強く、そして優しく、その慈愛の心でもって六花の身も心も包み込む。
「み、美奈子さぁん!!」
「貴女は聖ルミナス女学園の監督なんでしょう!?この子たちを導かなければならない立場の貴女までもが、黒衣に呑まれてしまってどうするの!?」
「だ、だけど!!だけどぉっ!!隼人君がぁっ!!彩花にぃっ!!」
「私は隼人君を信じているわ!!」
何の迷いも無い力強い瞳で、美奈子は六花に断言したのだった。
五感を奪われてもなお、あれだけの闘志を美奈子に見せつけた隼人が。
『気持ち』を失う事無く、あそこまで彩花と戦い抜いた隼人が。
こんな所で終わる訳が無いと…そう美奈子は信じているのだ。
「だって私の…!!いいえ!!『私たちの』子ですもの!!」
「み、美奈子さぁんっ!!うわああああああああああああああああ!!」
目から大粒の涙を流して号泣しながら、ぎゅっと美奈子の身体を抱き締める六花。
黒衣の暴走に身も心も苦しめられる中で、それでも六花は美奈子の身体の温もりと感触に縋りながら、必死に自我を保とうと黒衣に耐え続けていた。

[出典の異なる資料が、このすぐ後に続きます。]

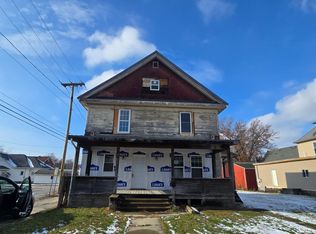 512 S Gallatin St, Marion, IN 46953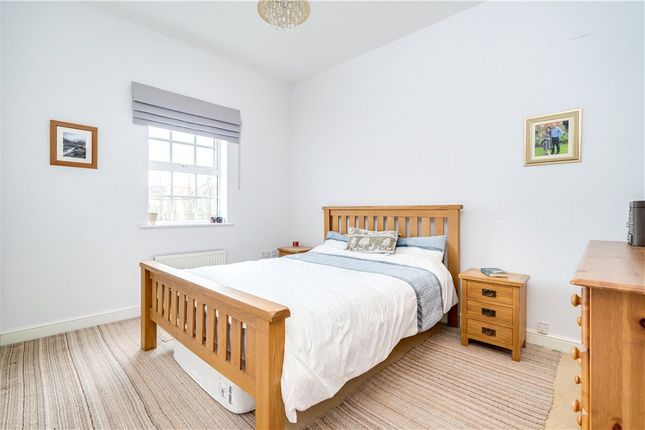 Town house for sale in Scalebor Square, Burley In Wharfedale, Ilkley, West Yorkshire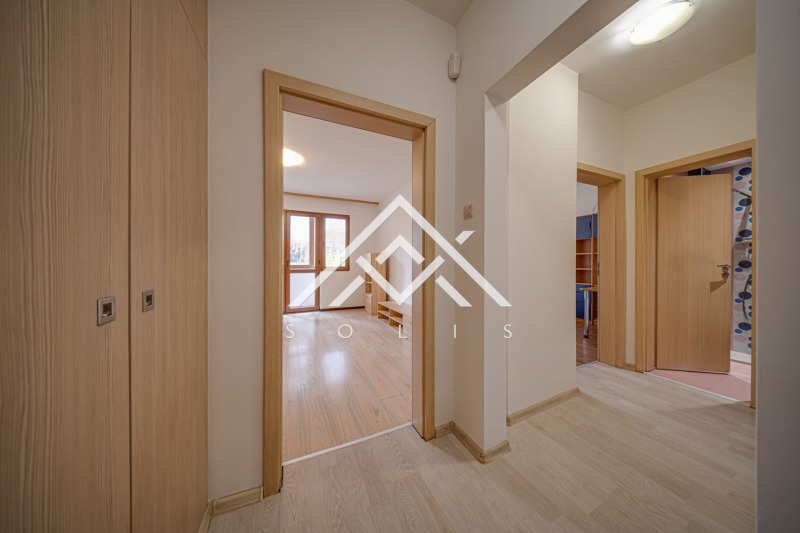 Продава 2-СТАЕН, гр. София, Банишора, снимка 6 - Апартаменти - 52356519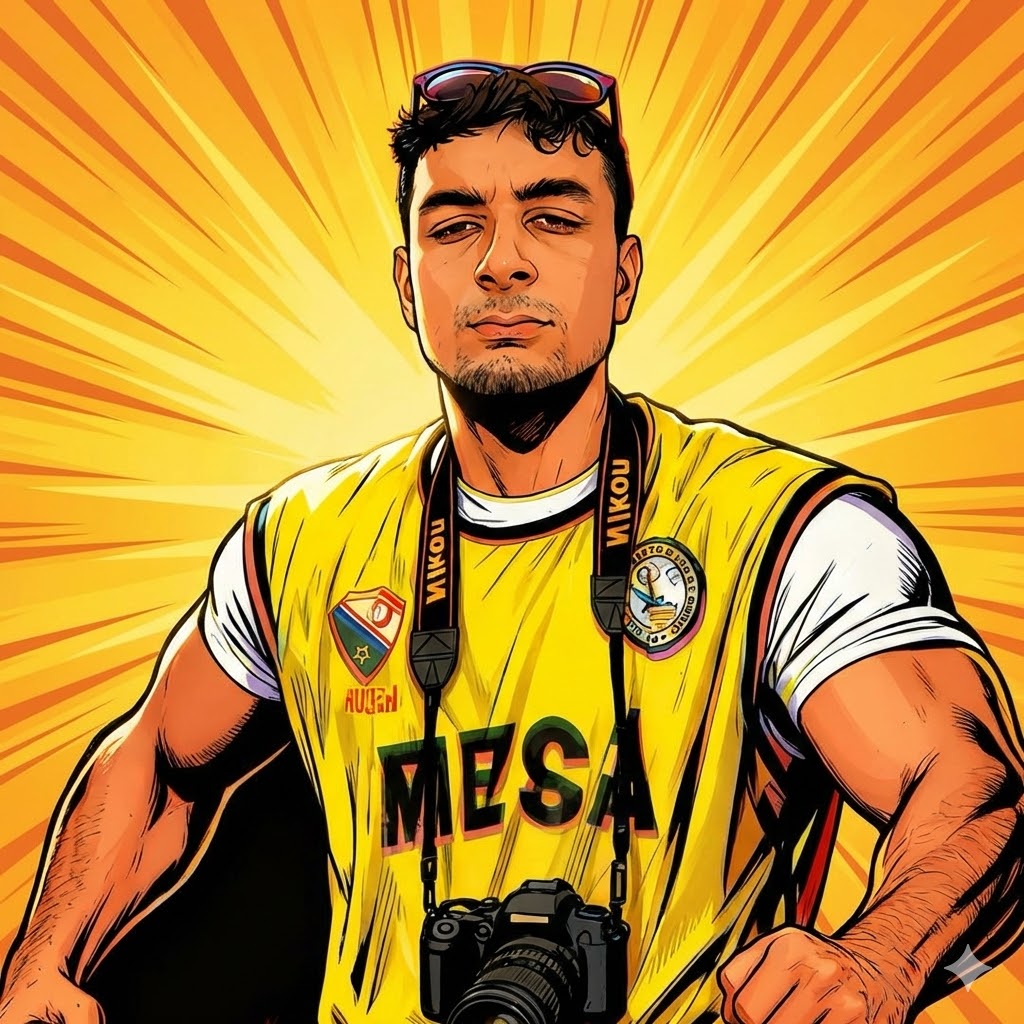 MR. Hüseyin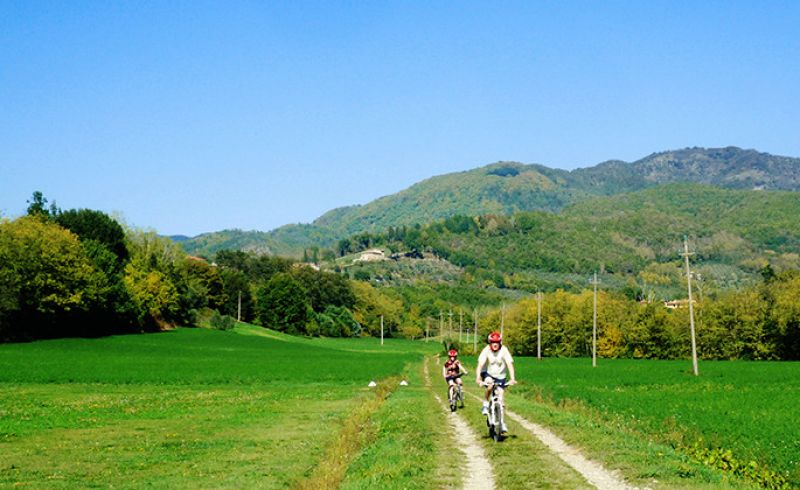 Mugello-Countryside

「ふざけるな藤崎六花!!そもそもお前のせいで、こんな事になったんだろうが!!」
「一体娘に対して、今までどんな教育をしてきたんや!?」
「お前もうスイスに帰れぇっ!!」
そんな六花に対して、理不尽な罵声と怒号を浴びせる観客たち。
六花は何も悪く無いのに。支部長に冤罪を着せられただけだというのに。
それなのにどうして六花が、ここまで言われなければならないのか。
「…ちっ、真実を何も知らない連中が、偉そうにグダグダと。お母さんが私なんかの為に、今までどれだけ頑張ってくれたと思ってるんだ。クソ共が。」
もう見ていられなくなった彩花が、とても真剣な表情で、遂に審判に呼びかけたのだった。
「ねえ審判。もう私の勝ちは確定だよね?早く試合終了のコールをしてよ。」
「え!?」
早く試合を終わらせて、ハヤト君もお母さんも楽にしてあげようと。
審判もいきなり彩花にそんな事を言われたもんだから、思わずびっくりしてしまう。
確かに隼人は、もうこれ以上試合が出来る状態では無さそうだが…。
「いや、し、しかし…!!」
「しかしもかかしも無いよね?どう考えてもハヤト君はもう戦えないじゃん。」
それでも県予選決勝戦という大舞台、それもバンテリンドームナゴヤという、愛知県民の誰もが憧れる聖地での試合だ。
それをこんな形で終わらせてしまっては、隼人にとっても不本意だろうし、一生後悔する事になるかもしれない。
それに審判だって、今まで高台から見せつけられたのだ。
隼人が五感を奪われてもなお、ファイナルゲームで彩花を相手に、あそこまで戦い抜いたのを。
「…取り敢えず今から運営と協議する。俺は須藤選手なら、まだ何かやってくれるのではないかと信じているんだ。」
だからこそ、何の迷いも無い力強い瞳で、審判は彩花に告げたのだった。
「俺とて絶対中立の立場の審判だ。だから君を長く待たせるつもりは無いが、それでもしばらく待ちたまえ。」
「ちぇっ、まあいいよ。」
不貞腐れる彩花だったが、それでも隼人の試合続行不可能による自分の勝利は、もう絶対に揺らぐ事は無いだろう。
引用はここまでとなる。